Też się zawiodłem i to nie odrobinę ale sporo. Byłem w DCF we Wrocławiu. Obraz był mdły, wyblakły, nieostry i podobny raczej do 2D.
Sam nie wiem czy problem wynika z kina, okularów czy może z filmu? W tamtym kinie byłem na trzech filmach 3D. "Przygody Tintina" też mnie rozczarowały (choć kolory były żywsze). Natomiast "Prometeusza" oglądało mi się całkiem dobrze. Dobrze mi się też oglądało "Facetów w czerni 3" w Heliosie. Ale najlepsze doświadczenia miałem w Multikinie oglądając "Opowieść Wigilijną" (lot nad dachami!) i w Cinema City oglądając "Toy Story 3". Jako, że każdy film oglądałem gdzie indziej dlatego trudno wyciągnąć obiektywne wnioski. Być może jednak kina różnią się rodzajem technologii 3D ?
Być może też wynika to jakości okularów których stan najczęściej pozostawia wiele do życzenia (zatłuszczenia, rysy itp). Wczoraj na Hobbicie wymieniłem swoje okulary (miały dwie skazy). Tyle, że to niewiele pomogło;)
Najpewniej jednak największy wpływ ma sam film. Jedyny plus takiego Hobbita był taki, że nie męczył mi oczu (i to mimo napisów). Jeżeli jednak kolejne części maja tak wyglądać to lepiej już obejrzeć w wersji 2D bo takie 3D jest do d... ;)
Sama już nie wiem co zawiniło. Na początku myślałam że to wina filmu, ale po przeczytaniu Waszych wpisów dochodzę do wniosku, że to jednak kino. Jestem tylko zła, bo wydałam 30 zł na seans który kompletnie zepsuł mi film, na który czekałam wiele lat. I szczerzę przyznam, że zazdroszczę osobom, które oglądały Hobbita bez takich rewelacji.
Mam zamiar wybrać się do kina jeszcze raz, tylko tym razem chyba nie będę ryzykować i wybiorę 2d. Nie jestem przeciwna technologii i gdyby ktoś wskazał mi kino i zapewnił, że obraz będzie w nim wyglądał tak jak powinien, to poszłabym bez zastanowienia.

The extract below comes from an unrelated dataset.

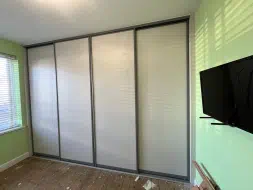 Taupe grey 4 door wardrobes with brushed champagne frames, fitted in Billingham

Od czasu założenia tego tematu przeglądałam wiele wątków na Filmwebie i zauważyłam, że patrząc pod kątem 3d większość osób narzeka na kina Helios i IMAX, a raczej chwali Multinkino i Cinema City (spartaczony seans Hobbita odbyłam w tym ostatnim, więc niestety nie mogę się pod tym podpisać).
Ja byłem w mutlikinie na 3D i szczerze odradzam. Z ciekawości zassałem wersje DVDSCR z neta i ku mojemu zdumieniu lepiej mi się oglądało niż w kinie, a to już niedobrze. Przede wszystkim jeśli chodzi o moje doświadczenie podczas seansu - obraz ciemny, słabe nasycenie kolorów, słaba ostrość, prędkość wyświetlania klatek - prawie miejscami pokaz slajdów. Nie wiem z czego to wynikało, może po prostu miałem pecha i polazłem do sali kinowej ze spieprzonym projektorem 3D. Nie wiem. Z ciekawości sprawdzę w kinie wersje 2D, ale już chyba nie w multi tylko gdzie indziej.
Wierz mi, że widziałeś wersję z odwróconą polaryzacją. Ten film trzeba oglądać w HFR 3D 48 fps - wtedy bije nawet Avatara, nieznacznie ale jednak. Zepsułeś sobie pierwszy seans tak samo jak ja - zachęcam do ponownego pójścia do kina najlepiej innego i z wersją HFR 3D - a jeśli w domu Bilba głębia wyda ci się sztuczna to obróć okulary - doznasz szoku, a Śródziemie Cię dosłownie "wessie".
Naczytałem się opinii o 3D 48FPS, większość była negatywna i trochę się bałem, ale jednak chciałem sprawdzić to sam - zaryzykowałem. Byłem na Hobbicie 3D 48FPS w Helios Białystok Alfa. Wszystko było w porządku, nigdy nie widziałem lepszej jakości obrazu w jakimkolwiek filmie w kinie, a Avatara oglądałem. Dźwięk też rewelacyjny, dlatego przestrzegam wszystkich: to nie wina technologii, tylko kina.
Nie ryzykowałam i poszłam na kolejny seans w 2d. Muszę przyznać, że film był rewelacyjny!
To niesamowite, jak zła jakość obrazu może zniszczyć seans. Podczas mojego popsutego 3d, zamiast skupić się na fabule cały czas zastanawiałam się "czy to powinno tak wyglądać"? A teraz tak wsiąknęłam, że te trzy godziny minęły nawet nie wiem kiedy.